The political context
Biden’s decision making cannot be divorced from the political context at home. No president can afford to look like he’s lost control when US troops are dead. This is especially the case for Biden with accusations of weakness at the heart of Trump’s 2024 case against his successor.
GOP critics have long accused Biden of appeasing the Islamic Republic and see recent events as the result. “The only answer to these attacks must be devastating military retaliation against Iran’s terrorist forces, both in Iran and across the Middle East. Anything less will confirm Joe Biden as a coward unworthy of being commander-in-chief,” said Arkansas Sen. Tom Cotton.
Haley called on Biden to directly take aim at the IRGC leadership. “Find one or two of them that are making the decisions. It will chill all of them when you do that,” the former US ambassador to the United Nations said on Newsmax.
The rationale for attacking Iran would be that incremental and calibrated attacks on Iranian proxies haven’t worked and that Iran is a mortal threat to the United States and its allies and could only be deterred by direct military action. Still, the lesson from Trump’s assassination of Iranian intelligence chef Qasem Soleimani in 2020 is that it didn’t prevent Iran from expanding its regional threat. Indeed the network of proxies threatening the US and its allies were the brainchild of Soleimani.
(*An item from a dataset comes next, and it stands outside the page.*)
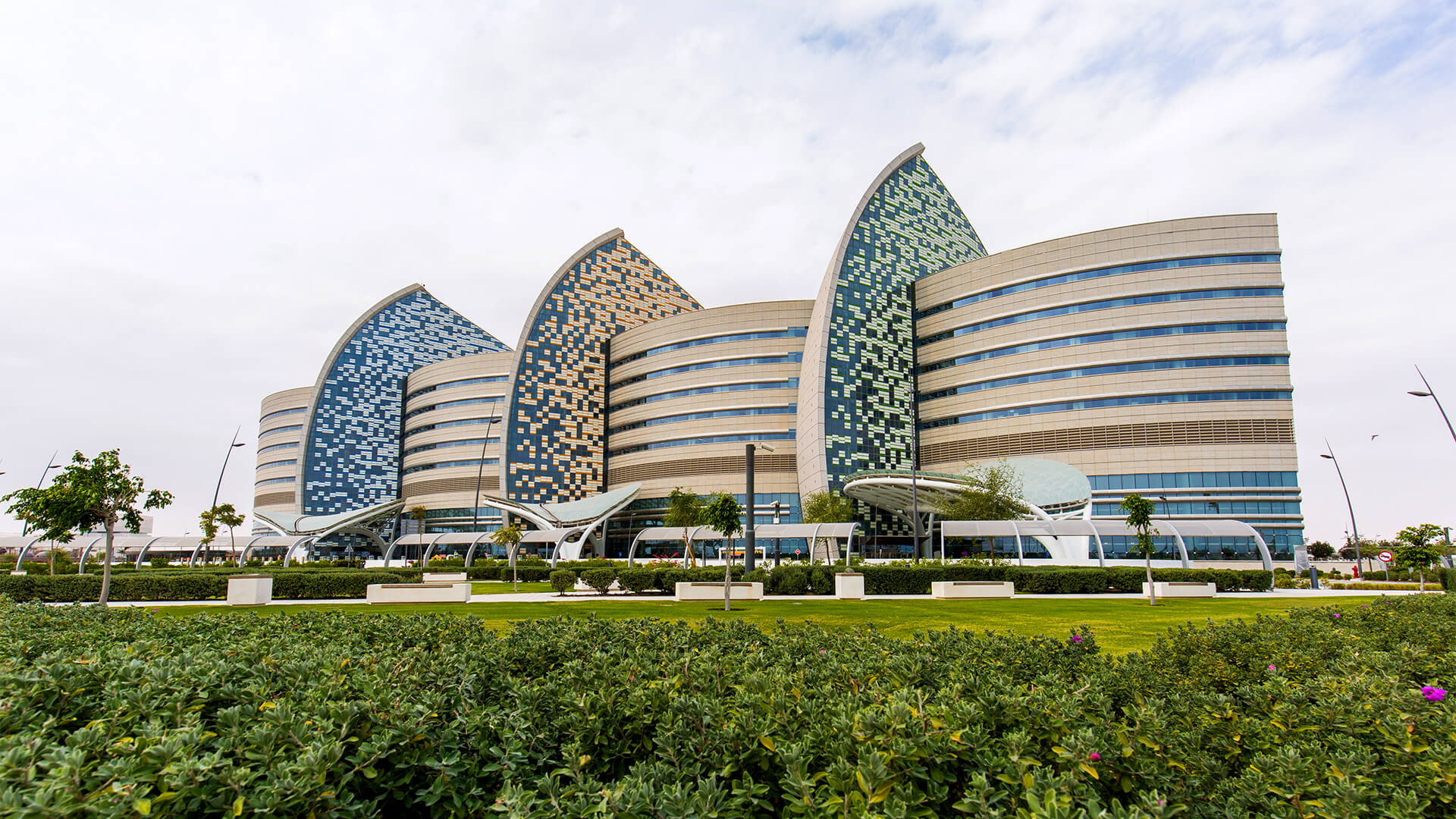 Катар медицина. Sidra Medical Доха. Sidra Medical and research Center скульптуры. Sidra Medical and research Center. Sidra Dubai.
And Trump didn’t dare to strike him inside Iran. The attack took place in Baghdad.
There’s no sign the US will attack Iranian soil. The White House’s top national security spokesman John Kirby told reporters repeatedly on Monday the US has no interest in a war with Iran or its clerical regime. And the consequences of American strikes on Iran would likely be so escalatory — probably unleashing Tehran proxies like Hezbollah with full bore attacks on Israeli and US interests and a consequential major US-Iran war — that it’s an unthinkable possibility. It’s easy for Republicans – especially those like Haley, whose path to the White House looks dim — to advise hitting Iran. It’s Biden who will be responsible for the fallout. And on a purely strategic level, risking a major Middle East war that could cause massive US casualties to avenge the deaths of three soldiers, as terrible as their deaths are, would not represent a sound equation.
While Beltway pundits speculated about sinking Iran’s navy or targeting its leadership, the most likely outcome is a range of punishing attacks against the capabilities of its proxies on a scale not yet seen.
But Biden still must wrestle with this unanswerable question: How does he assert US power in a widening regional war in a way that doesn’t make the conflict even more dangerous, expansive and likely to careen out of control?